As part of the Bio Investment Asia 2019 conference, which took place on September 25-27 in Bangkok, Thailand, the Thailand Centre of Excellence for Life Sciences (TCELS) – a public organisation established by royal decree in 2011 under the Ministry of Higher Education, Science, Research and Innovation – and the US-based healthtech company PhenoMx announced the execution of a memorandum of understanding (MOU) to develop strategic initiatives for Thailand in the biomedical, life sciences and medical device industries.
Dr Nares Damrongchai, CEO of TCELS, and Mark Punyanitya, Co-Founder and CEO of PhenoMx, participated in the official signing ceremony, which was held at the TCELS Pavilion on September 27, 2019, following Punyanitya’s presentation on artificial intelligence and big data in medical imaging. As part of its Thailand 4.0 initiative, the Thai Government plans to make Thailand a leading destination for pharmaceuticals and medical devices, and a world-class provider of medical care.

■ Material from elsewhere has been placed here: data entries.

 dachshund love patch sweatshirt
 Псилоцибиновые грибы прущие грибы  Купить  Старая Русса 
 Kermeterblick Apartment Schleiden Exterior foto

Growing medical tourism has led the government to reinforce its policy to promote Thailand as the medical hub of the region
The MOU includes the matchmaking of companies and research institutes in Thailand and the US to encourage more collaboration between different stakeholders across the industry, as well as fostering innovation and commercialisation in the biomedical, life sciences and medical device industries. Specific areas of focus include artificial intelligence, big data, medical imaging with potential projects for ageing-cohort studies, biobanking, and national dementia screening. TCELS has taken part in value-chain development of the life sciences industry, supporting entrepreneurs in Thailand and research from upstream to downstream in order to meet national demand.

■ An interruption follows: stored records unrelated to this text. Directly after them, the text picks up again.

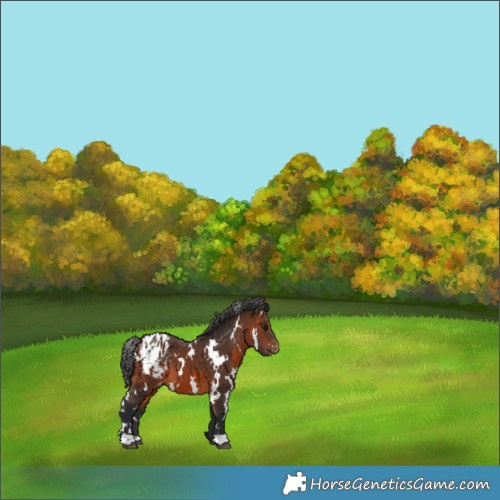 Horse Color:White Spotted Brown Appaloosa 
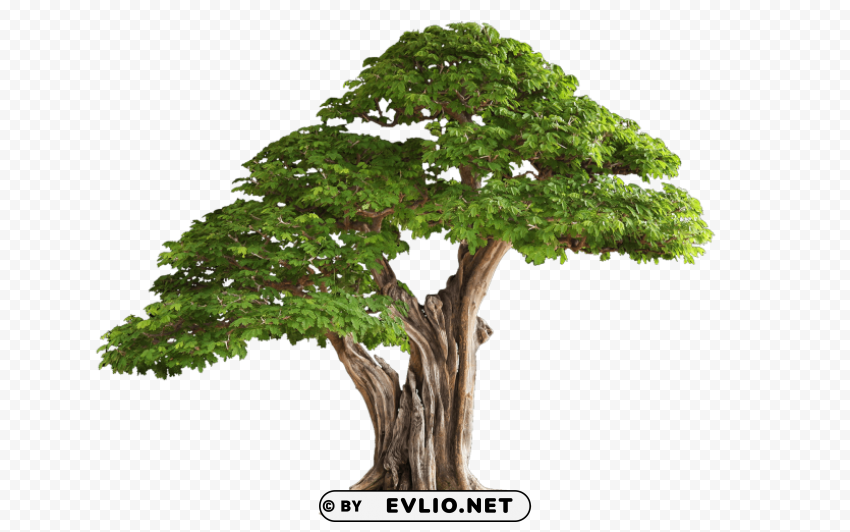 PNG image of tree free Transparent Background Isolated PNG Art with a clear background - Image ID c94abe43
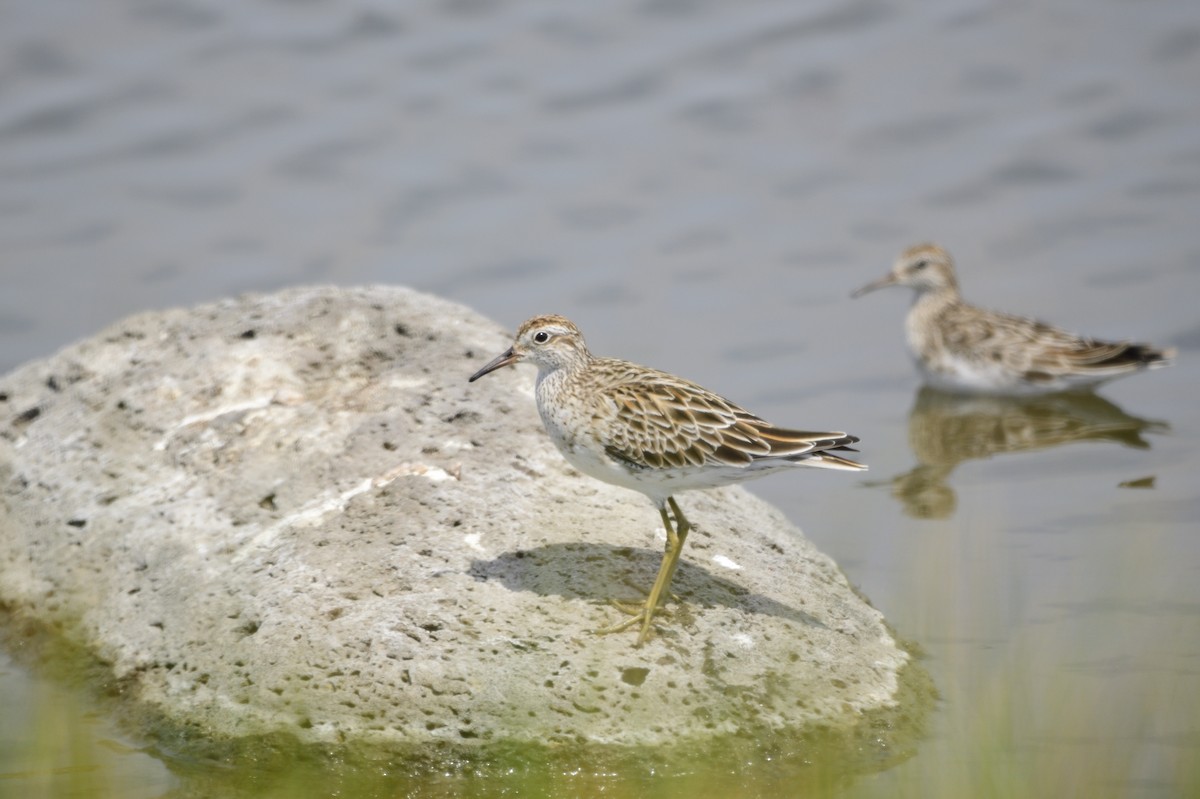 Sharp-tailed Sandpiper - ML620257004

Thailand’s medical equipment industry has bright prospects, with an average growth of 8.5 to 10 percent annually (2016-19) – higher than the global average, largely due to the country’s ageing population. It has also been driven by medical tourism in Thailand, which is growing by 10 percent a year. This has led to private hospitals expanding their services and the government reinforcing its policy to promote Thailand as the medical hub of the region.

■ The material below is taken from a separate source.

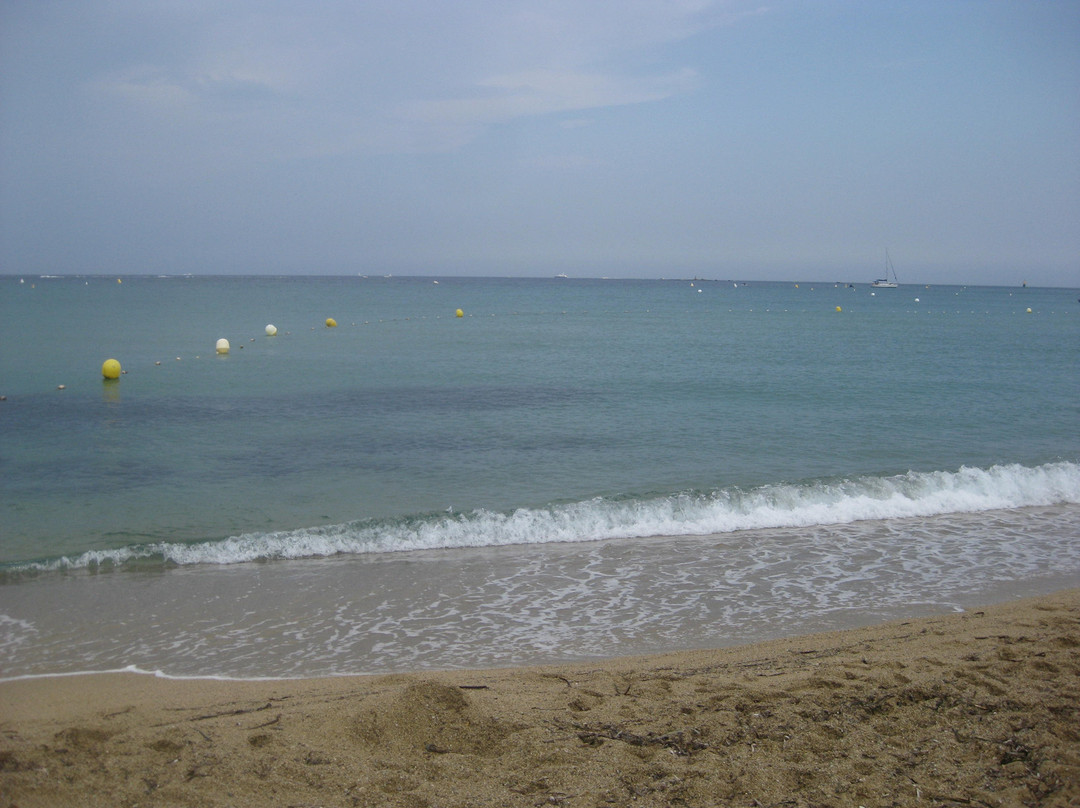 Plage De La Nartelle景点图片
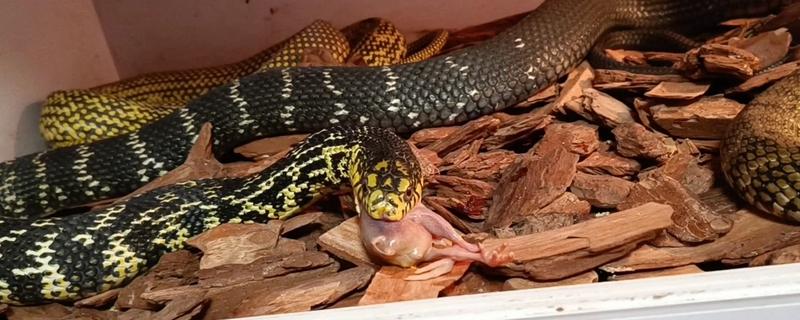 大王蛇吃什么，以鼠类、蛙类位置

Meanwhile, the Thailand Board of Investment offers incentives to attract more foreign investors to use Thailand as a production base for medical equipment. However, it should be noted that an inflow of international companies might intensify market competition and affect the business performance of smaller producers.
In 2017, the medical equipment market in Thailand was valued at $1.24bn. A total of 538 producers were registered with the Department of Business Development as of January 2018, supplying 62.2 percent of equipment, 18.3 percent of durable medical equipment, 8.4 percent of molecular diagnostics reagents and equipment, 2.3 percent of services and software supplies, and 8.4 percent in other categories. Thailand is, therefore, a major importer and exporter of medical equipment in the ASEAN region.
In 2017, the global medical equipment industry had a total value at $361bn; this figure is expected to reach $436bn in 2020, with an average growth of 6.4 percent annually. Durable medical equipment made up the majority of existing industry, with 76 percent of the total market, while supplies accounted for 20 percent and diagnostics reagents and equipment sets for four percent.